HOUSTON, April 4, 2016 – Civeo Corporation (NYSE: CVEO) today announced that on April 1, 2016, it had been notified by the New York Stock Exchange (NYSE) that the Company has regained compliance with the NYSE’s continued listing standards.

 

On February 24, 2016, the Company received notification from the NYSE that the Company had fallen below the continued listing standard to maintain a minimum average closing price of $1.00 per share over 30 consecutive trading days. Civeo regained compliance after its price for the 30 trading days ended March 31, 2016 and its closing price on March 31, 2016 both exceeded $1.00 per share.

 

In the preliminary proxy statement filed on March 30, 2016, Civeo disclosed that it will be asking its shareholders at the Company’s 2016 annual and special general meeting of shareholders on May 12, 2016 to approve, among other things, a consolidation or reverse share split of the issued and outstanding common shares of Civeo, whereby, at the sole discretion of the Company’s board of directors, the outstanding common shares would be combined, converted and changed into a lesser number of common shares at a ratio to be selected by the board of directors in the range of 1:4 to 1:15, and related amendments to Civeo’s Notice of Articles and Articles to effect a proportional reduction in the number of authorized common shares based on the selected reverse share split ratio, effective upon implementation of the reverse share split.
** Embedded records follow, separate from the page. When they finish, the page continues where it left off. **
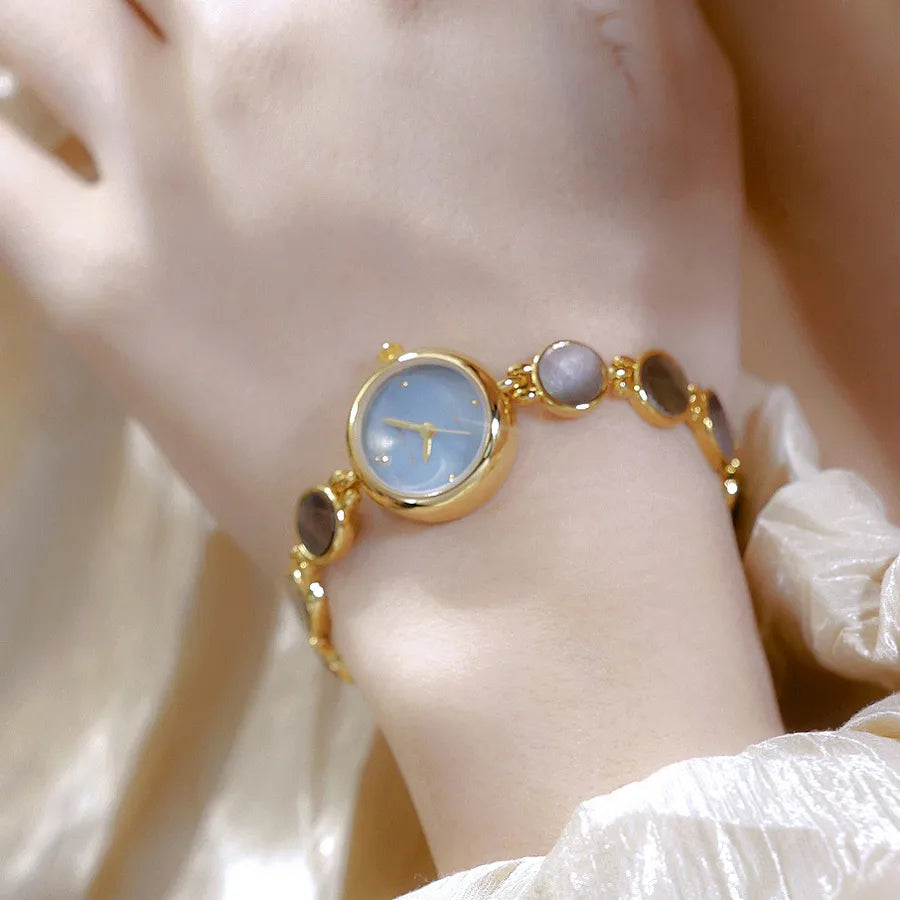 Casual Classic Style Solid Color Jewelry Buckle Quartz Watch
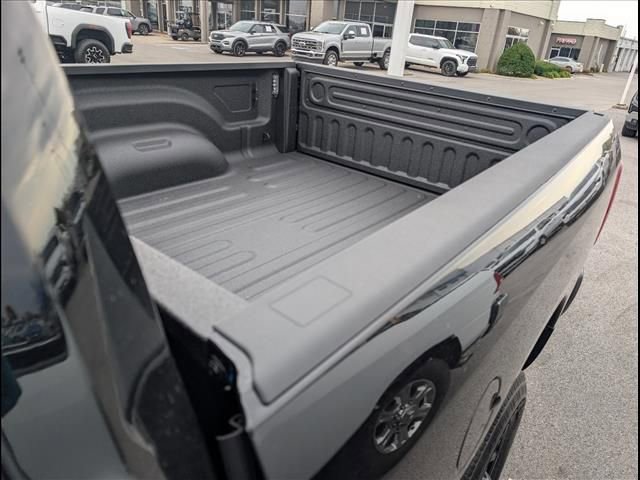 Used 2025 RAM 2500 Laramie AWD/4WD image 18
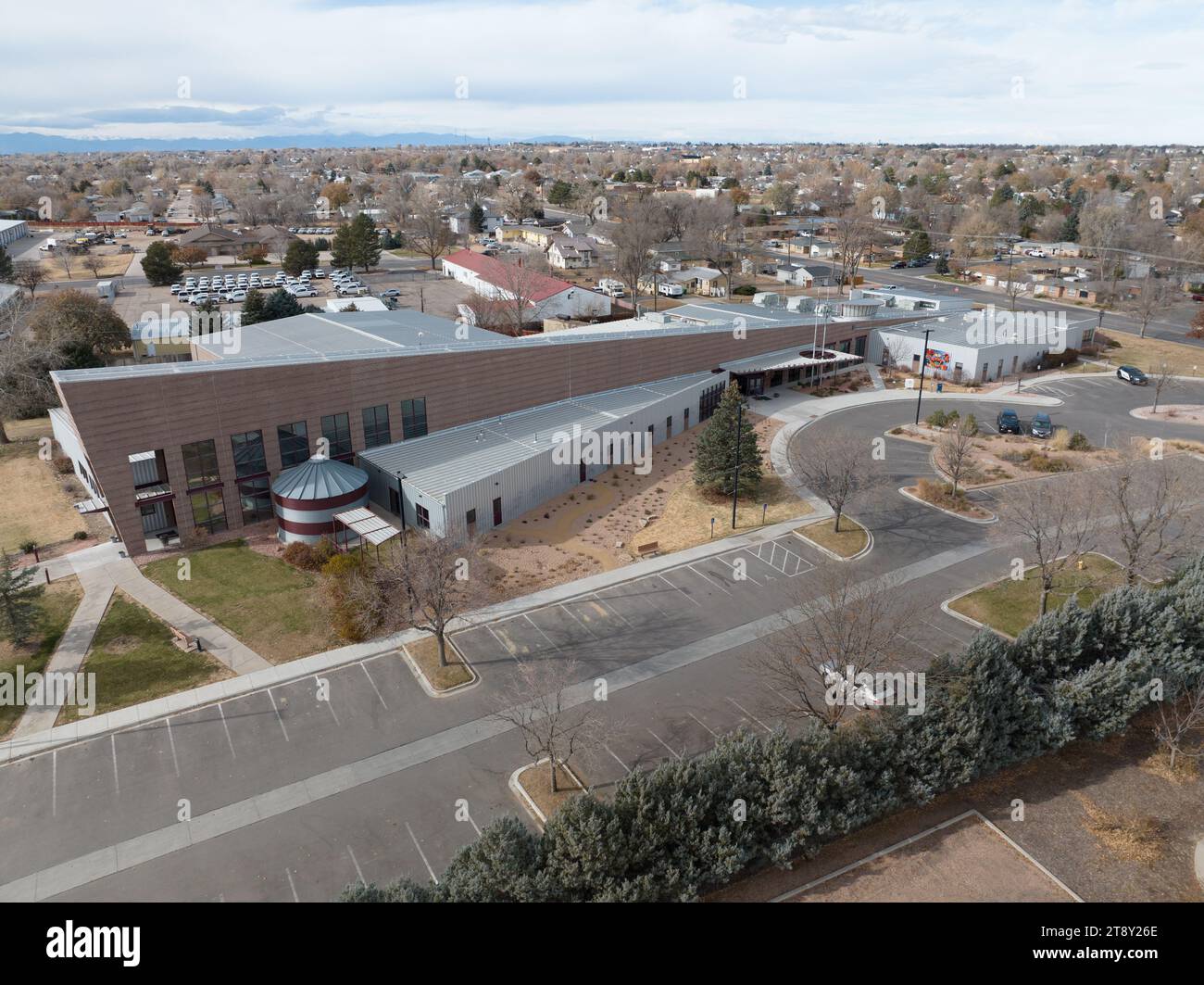 Evans Colorado Municipal Building City Government. Fallfoto aus der Luft Stockfoto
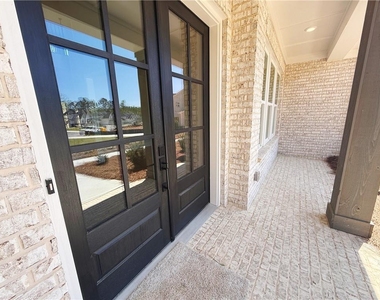 2450 Colliers Lane - Photo Thumbnail 4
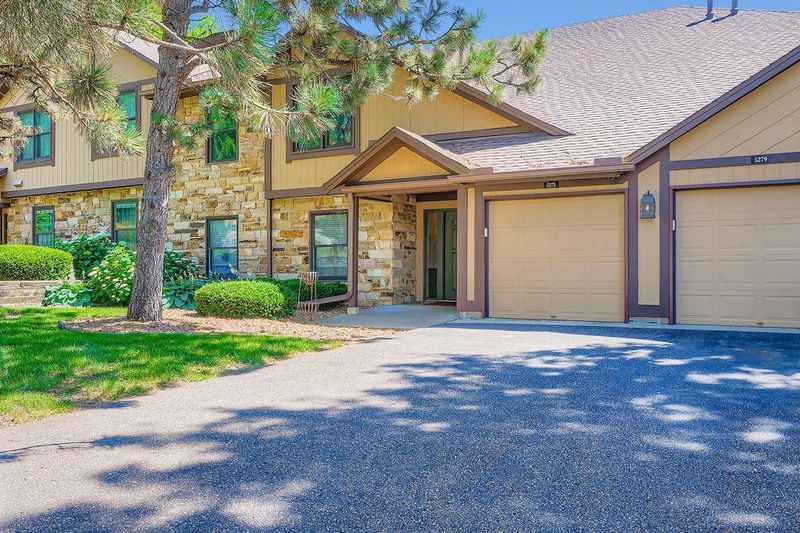 5275 Balmoral Ln, Bloomington, MN 55437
The proposed consolidation or reverse stock split would affect all shareholders uniformly and would not affect any shareholder’s ownership percentage, except for treatment of fractional shares.

 

The Civeo board of directors may elect to defer any decision on whether or not to effect a consolidation or reverse stock split. Shareholders are encouraged to read the definitive proxy materials (when available) in their entirety as they will provide a detailed discussion of the proposals.  

 

About Civeo

 

Civeo Corporation is a leading provider of workforce accommodations with prominent market positions in the Canadian oil sands and the Australian natural resource regions. Civeo offers comprehensive solutions for housing hundreds or thousands of workers with its long-term and temporary accommodations and provides catering, facility management, water systems and logistics services. Civeo currently owns a total of 19 lodges and villages in operation in Canada and Australia, with an aggregate of approximately 23,000 rooms. Civeo is publicly traded under the symbol CVEO on the New York Stock Exchange. For more information, please visit Civeo's website at www.civeo.com.

 

Additional Information

 

Civeo Corporation and its directors and officers may be deemed to be participants in the solicitation of proxies from the Company’s shareholders in connection with the reverse share split. Information about these persons is set forth in the preliminary proxy statement, and will be included in the definitive proxy statement and in any documents subsequently filed by its directors and officers under the Securities Exchange Act of 1934, as amended. INVESTORS ARE ADVISED TO READ THE DEFINITIVE PROXY STATEMENT (INCLUDING ALL AMENDMENTS AND SUPPLEMENTS THERETO) CAREFULLY BECAUSE IT WILL CONTAIN IMPORTANT INFORMATION ABOUT THE REVERSE SHARE SPLIT AND CIVEO. Investors may obtain additional information regarding the interests of such persons, which may be different from those of Civeo’s shareholders generally, by reading the proxy statement and other relevant documents regarding the reverse share split to be filed with the SEC when they become available. Investors may obtain a free copy of the proxy statement and other relevant documents (when available) filed and to be filed with the SEC from the SEC’s web site at www.sec.gov or at Civeo’s web site at www.civeo.com.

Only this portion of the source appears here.